No final de novembro de 2019 tive um sonho daqueles bem curiosos, daqueles que acordamos e ficamos refletindo sobre os absurdos contidos nele. Mas um detalhe desse sonho fez eu ter uma reflexão negativa sobre o evento:
Ao sair desse terminal, descobria que o país onde estava era a Rússia, e isso se deu pela arquitetura dos prédios ao redor, em especial o Kremlin que era possível ser visto a alguns quilômetros de onde eu estava.
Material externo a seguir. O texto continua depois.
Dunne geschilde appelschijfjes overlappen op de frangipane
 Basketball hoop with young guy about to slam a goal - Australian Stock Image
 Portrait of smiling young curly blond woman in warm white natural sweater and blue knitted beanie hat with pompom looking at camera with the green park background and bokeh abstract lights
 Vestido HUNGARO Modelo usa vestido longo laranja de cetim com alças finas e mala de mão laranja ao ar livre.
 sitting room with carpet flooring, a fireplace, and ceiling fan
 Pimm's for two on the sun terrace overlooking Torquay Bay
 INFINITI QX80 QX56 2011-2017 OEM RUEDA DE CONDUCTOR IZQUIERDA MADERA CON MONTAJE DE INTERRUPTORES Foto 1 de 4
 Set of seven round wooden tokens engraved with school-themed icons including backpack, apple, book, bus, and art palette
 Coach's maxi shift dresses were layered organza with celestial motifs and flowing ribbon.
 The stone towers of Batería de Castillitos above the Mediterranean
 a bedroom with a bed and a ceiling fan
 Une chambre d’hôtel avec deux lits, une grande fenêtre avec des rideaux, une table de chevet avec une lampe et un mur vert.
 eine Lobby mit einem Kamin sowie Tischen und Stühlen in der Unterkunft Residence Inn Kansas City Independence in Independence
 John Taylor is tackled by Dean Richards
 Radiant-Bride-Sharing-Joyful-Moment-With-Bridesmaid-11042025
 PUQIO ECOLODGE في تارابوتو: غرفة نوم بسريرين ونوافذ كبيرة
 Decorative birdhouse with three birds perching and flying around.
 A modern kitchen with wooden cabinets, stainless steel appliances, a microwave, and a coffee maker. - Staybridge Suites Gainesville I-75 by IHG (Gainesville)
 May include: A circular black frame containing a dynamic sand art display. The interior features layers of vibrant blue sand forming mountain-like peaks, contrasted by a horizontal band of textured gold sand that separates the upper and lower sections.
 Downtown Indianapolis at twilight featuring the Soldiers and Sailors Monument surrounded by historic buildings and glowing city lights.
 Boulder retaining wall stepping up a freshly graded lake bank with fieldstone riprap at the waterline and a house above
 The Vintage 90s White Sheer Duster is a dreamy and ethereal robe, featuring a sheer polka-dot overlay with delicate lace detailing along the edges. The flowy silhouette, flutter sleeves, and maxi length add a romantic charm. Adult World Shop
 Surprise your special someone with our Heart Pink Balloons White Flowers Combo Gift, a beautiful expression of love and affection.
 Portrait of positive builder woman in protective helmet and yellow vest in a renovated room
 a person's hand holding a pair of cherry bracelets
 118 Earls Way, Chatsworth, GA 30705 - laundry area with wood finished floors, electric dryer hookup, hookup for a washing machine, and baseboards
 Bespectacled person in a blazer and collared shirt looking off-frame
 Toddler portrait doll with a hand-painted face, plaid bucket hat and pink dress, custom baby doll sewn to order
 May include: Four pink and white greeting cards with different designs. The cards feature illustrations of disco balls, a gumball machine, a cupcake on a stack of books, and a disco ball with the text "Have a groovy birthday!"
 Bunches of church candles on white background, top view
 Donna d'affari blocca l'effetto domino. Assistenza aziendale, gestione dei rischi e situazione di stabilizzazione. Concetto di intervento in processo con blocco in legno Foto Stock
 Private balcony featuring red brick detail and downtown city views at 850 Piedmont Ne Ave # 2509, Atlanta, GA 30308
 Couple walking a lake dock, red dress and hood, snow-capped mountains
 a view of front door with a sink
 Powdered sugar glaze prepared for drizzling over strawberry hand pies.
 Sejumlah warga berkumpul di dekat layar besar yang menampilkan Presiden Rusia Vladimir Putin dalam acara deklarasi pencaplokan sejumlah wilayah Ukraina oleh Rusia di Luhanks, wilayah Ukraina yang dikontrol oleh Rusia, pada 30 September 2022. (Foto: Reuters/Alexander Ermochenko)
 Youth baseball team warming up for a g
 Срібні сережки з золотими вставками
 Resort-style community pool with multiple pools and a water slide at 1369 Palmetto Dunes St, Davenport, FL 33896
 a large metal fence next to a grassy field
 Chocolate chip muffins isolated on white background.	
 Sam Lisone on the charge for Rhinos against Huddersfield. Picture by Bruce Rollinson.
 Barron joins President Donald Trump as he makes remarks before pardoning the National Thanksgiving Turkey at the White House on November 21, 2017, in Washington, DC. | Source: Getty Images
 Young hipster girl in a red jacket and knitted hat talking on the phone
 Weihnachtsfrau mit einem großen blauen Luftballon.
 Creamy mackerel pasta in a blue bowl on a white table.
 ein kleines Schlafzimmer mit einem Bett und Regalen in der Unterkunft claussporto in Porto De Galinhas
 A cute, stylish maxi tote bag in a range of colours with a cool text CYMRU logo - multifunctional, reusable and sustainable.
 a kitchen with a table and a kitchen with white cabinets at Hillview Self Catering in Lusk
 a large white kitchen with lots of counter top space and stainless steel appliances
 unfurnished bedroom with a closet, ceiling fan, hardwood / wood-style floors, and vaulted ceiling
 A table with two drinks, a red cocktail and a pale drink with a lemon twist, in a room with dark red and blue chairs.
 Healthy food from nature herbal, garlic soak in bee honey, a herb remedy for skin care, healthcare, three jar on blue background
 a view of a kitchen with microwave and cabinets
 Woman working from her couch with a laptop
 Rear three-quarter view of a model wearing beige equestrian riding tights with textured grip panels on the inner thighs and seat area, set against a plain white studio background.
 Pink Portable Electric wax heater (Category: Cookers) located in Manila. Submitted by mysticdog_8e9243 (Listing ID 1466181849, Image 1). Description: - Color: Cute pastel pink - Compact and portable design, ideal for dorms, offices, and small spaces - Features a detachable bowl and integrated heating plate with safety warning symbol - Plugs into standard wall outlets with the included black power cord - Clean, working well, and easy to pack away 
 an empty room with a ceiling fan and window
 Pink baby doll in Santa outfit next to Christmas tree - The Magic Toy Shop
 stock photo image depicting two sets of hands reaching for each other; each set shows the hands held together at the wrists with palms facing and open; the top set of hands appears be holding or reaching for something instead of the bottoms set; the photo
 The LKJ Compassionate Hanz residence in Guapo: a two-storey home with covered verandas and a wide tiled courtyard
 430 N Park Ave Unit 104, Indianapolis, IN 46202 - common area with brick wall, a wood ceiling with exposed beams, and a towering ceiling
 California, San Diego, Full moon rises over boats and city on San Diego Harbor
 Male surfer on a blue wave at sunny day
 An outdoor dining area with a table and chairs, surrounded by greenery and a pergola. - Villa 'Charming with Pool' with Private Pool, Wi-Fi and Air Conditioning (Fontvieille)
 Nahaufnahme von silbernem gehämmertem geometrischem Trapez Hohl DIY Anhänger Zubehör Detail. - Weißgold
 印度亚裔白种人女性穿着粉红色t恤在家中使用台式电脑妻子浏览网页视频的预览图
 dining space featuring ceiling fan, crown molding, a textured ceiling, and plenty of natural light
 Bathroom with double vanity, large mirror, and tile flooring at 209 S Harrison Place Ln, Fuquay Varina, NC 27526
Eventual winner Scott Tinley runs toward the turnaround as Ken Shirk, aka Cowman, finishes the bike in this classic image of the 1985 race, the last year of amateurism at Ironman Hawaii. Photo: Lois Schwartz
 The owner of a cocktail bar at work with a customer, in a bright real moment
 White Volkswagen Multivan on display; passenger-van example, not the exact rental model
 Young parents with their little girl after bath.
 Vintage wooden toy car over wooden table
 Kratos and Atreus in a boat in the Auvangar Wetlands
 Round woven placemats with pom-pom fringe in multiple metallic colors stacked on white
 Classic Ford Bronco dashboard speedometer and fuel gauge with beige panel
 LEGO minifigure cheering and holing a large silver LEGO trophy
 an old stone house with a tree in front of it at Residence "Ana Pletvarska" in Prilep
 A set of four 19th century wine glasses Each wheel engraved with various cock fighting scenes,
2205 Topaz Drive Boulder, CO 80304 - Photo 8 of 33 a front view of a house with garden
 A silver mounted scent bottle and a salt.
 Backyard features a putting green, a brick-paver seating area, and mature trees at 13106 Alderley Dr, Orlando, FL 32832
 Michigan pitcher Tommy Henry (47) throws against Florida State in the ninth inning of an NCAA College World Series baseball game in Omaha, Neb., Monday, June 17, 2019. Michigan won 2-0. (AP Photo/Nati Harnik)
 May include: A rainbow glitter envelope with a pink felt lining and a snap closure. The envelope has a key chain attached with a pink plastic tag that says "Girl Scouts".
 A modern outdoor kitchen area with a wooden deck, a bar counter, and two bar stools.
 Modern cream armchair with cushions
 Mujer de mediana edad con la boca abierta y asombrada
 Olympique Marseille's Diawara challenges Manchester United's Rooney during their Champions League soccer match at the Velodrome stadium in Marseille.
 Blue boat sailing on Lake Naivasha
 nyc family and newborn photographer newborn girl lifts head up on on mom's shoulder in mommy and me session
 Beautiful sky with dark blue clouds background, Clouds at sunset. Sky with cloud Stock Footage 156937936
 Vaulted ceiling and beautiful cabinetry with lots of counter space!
Alguém que eu conversava, que não era possível ver o rosto por que estava como se ao lado ou atrás de mim, me lembrava que chegava a hora de ir embora e que eu deveria me direcionar para o aeroporto. Então sem perder tempo, minha vontade era ir correndo até o Kremlin para tirar fotos, mas essas fotos não eram para recordação ou algo do tipo, o pensamento que vinha a minha mente era que eu tinha que postar no “stories” do Instagram fazendo checking da localização, para que todos vissem ou soubessem de que eu estava na Rússia, e chegava a imaginar a reação de surpresa de todos os seguidores ao saberem que eu estava nesse inusitado país. Por fim, eu não conseguia tirar a foto, e já me via embarcando de volta ao Brasil, com uma profunda frustração: “poxa, nem consegui postar a foto que eu estava na Rússia”.
Esse sonho pode a principio parecer engraçado e sem nada demais. Mas na minha reflexão a respeito pensei em como o meu inconsciente estava contaminado por essa ideia de postar no Instagram, mostrar para os outros aonde estava e o que estava fazendo.
Eu deveria (o meu Eu personagem no sonho) ter aproveitado a viagem, desejado ter experimentado sensações em todos os cinco sentidos desse novo local, interagido com pessoas e criar laços com aquele pais, ou seja, viver intensamente essa incrível experiência, mas, a grande preocupação e por que não o objetivo do meu Eu sonhador, era tirar uma foto para postar no “stories”.
Eu chamo isso de contaminação pelo espirito do nosso tempo.
Jung foi o primeiro a cunhar esse termo “Espirito do nosso tempo”, que segundo ele, é como se a cada momento de uma sociedade existe um “espirito” que nos rodeia impondo o que é certo ou errado, bom ou mal, ou até mesmo o que temos que fazer ou não. Usando essa ideia então, o que o espirito do nosso tempo tem nos imposto? Nossas experiências deixaram de ser individuais e agora são coletivas, mas não no sentido positivo de “coletiva” do tipo que todos podem participar, e sim um “coletiva” onde todos devem ficar sabendo (mesmo que não participem), o que eu estou fazendo, o que eu posso fazer, ou a sorte/privilégio que eu estou tendo no momento em que faço essa postagem.
Perdemos nossa alma em detrimento da vida moderna e do espirito da nossa época. Ou seja, dos valores dominantes de nossa sociedade. No limite dessa perda precisamos recuar, entrar na solidão e em contato com um eu mais profundo, transcendente, além do ego. Essa solidão e reencontro com a alma é um sacrifício do ego, do modo encarar a vida e uma entrega do controle egoísta para algo maior. Uma descida aos infernos, um abandonar de formas seguras de se viver. Algo que beira a loucura. É a solidão consciente, mesmo em meio a vida diária e em meio aos outros.
Não é que as redes sociais sejam o problema, inclusive, já escrevi um texto sobre o por que usamos as redes sociais https://www.trilhasnouniverso.com.br/wp-admin/post.php?post=1067&action=edit, o problema está em nós, seres humanos, que agora escolhemos o que fazer ou aonde ir pensando em como isso vai ficar na foto, ou o quanto de “inveja” vamos provocar em quem nos segue.
Com essa reflexão, comecei a pensar em quantas coisas eu escolho fazer, quantos lugares eu escolho ir por que será “instagramavel”, e não o quanto eu realmente vou me divertir ou eu realmente desejo ir.
O resultado dessa reflexão, é conseguir fazer com que o meu espirito interior, seja mais forte e tenha mais influência sobre o que eu quero fazer e ir, do que o espirito do nosso tempo, que se preocupa apenas em mais uma foto legal em uma rede social onde cada um tenta mostrar que está tendo mais oportunidades do que outros. Tomara que assim, ao menos em meus sonhos, as coisas absurdas que acontecem neles sejam apenas eu experimentando e vivenciado os ocorridos, sem que até mesmo nesse local onírico, eu me preocupe em colocar no stories o que está acontecendo.